I was not so sure about that, but I got the heavy glasses, and we stepped out on the metal deck. I looked back in the direction of the place whence we had come. The world was very still. Even the sea was almost silent. The old cottage on the hill behind us seemed suddenly very desolate and lonely, standing out, a solitary dark point, against the dying glow of the westward sky. It seemed very bleak and ancient.

And then I saw a curious thing—an astonishing thing. There was somethingbrighthanging in the air a hundred yards above the building—something that shone with a silvery gleam! Steadily it grew brighter against the dull, somber curtain of the darkling western sky. Then I saw that it was a huge globe of white, metallic light. It was a great gleaming silver ball, evidently many feet in diameter! It glowed with a queer, unnatural effulgence! It was like a little floating moon!

In a moment I saw that a faint greenish haze was gathering about it. With astonishing swiftness a veil of glowing green mist was drawn about the sphere of shining white.
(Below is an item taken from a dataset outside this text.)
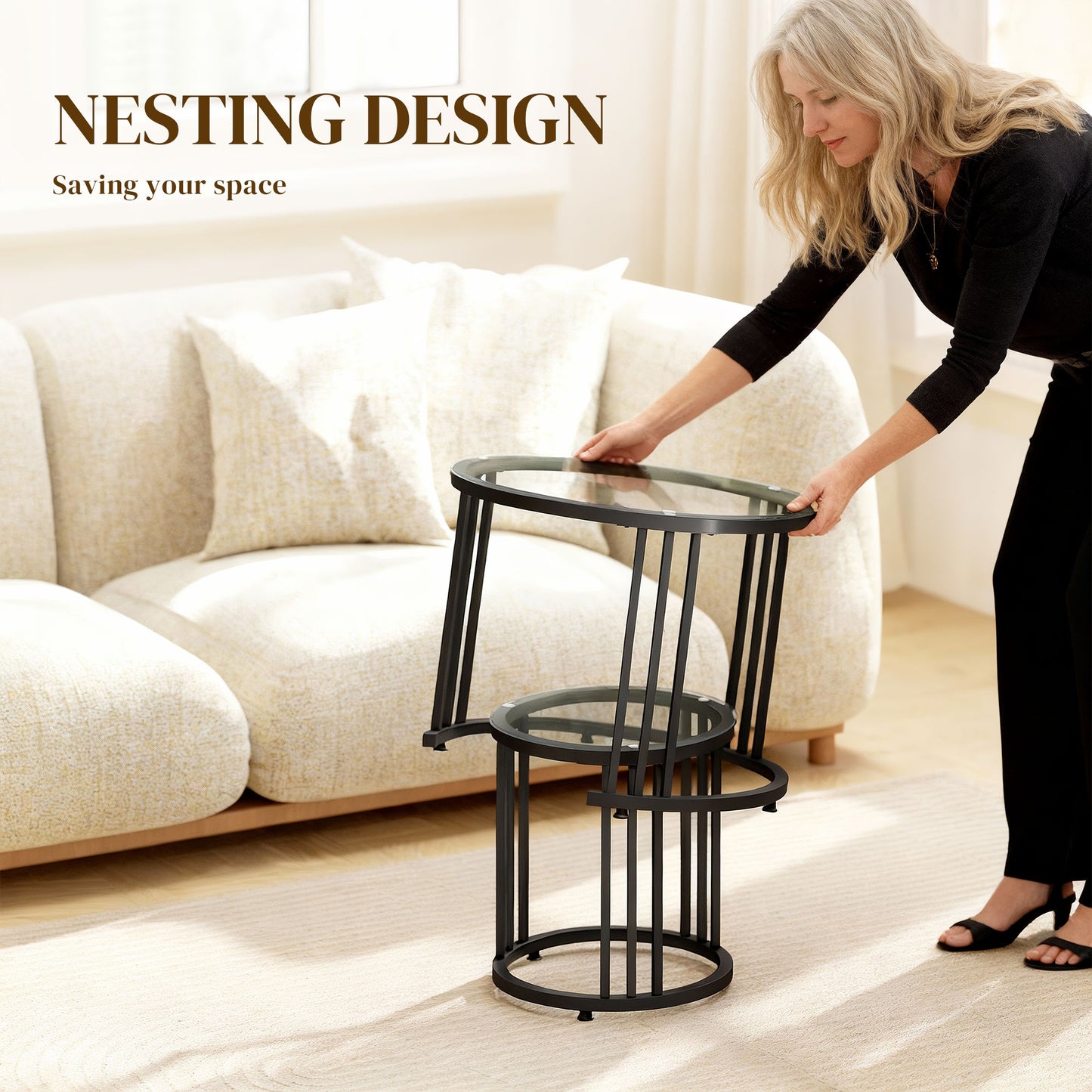 HOMCOM Round Coffee Tables Set of 2 Nesting Tables With Tempered Glass Tops And Steel Frame In Black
It became a vast luminous green cloud that swirled and shifted in thin feathery streamers, drawn around the shining central globe. It swam, and swirled, and grew! It wheeled madly, dizzily, ever reaching out. It was a mist of flame like the photosphere about the sun. A strange, weird light shone from it, lighting the sea and the beach and the woodland about the doomed building with an uncanny radiance!

Quite abruptly two narrow beams of a thick, misty purple fire darted out of the silver core of the amazing thing, and, flashing over the ground, fixed themselves upon the cottage! They were like thin, unpleasant fingers of purple fog! There was something terrible in the swift sureness of their motions! They moved as if they were seeing eyes, or tentacles—feeling, searching!

Suddenly they were gone. In a moment I noted a change. The seething clouds of green were sucked down. They drew into a dense cyclonic vortex of flame about the old house, like a falling torrent of molten emerald. The building was half hidden in the thick, racing fog. I strained my ears, but not a sound did I hear, save the soft whisper of the sea. The cloak of green mist swirled about its core with a silence that was complete—and terrible!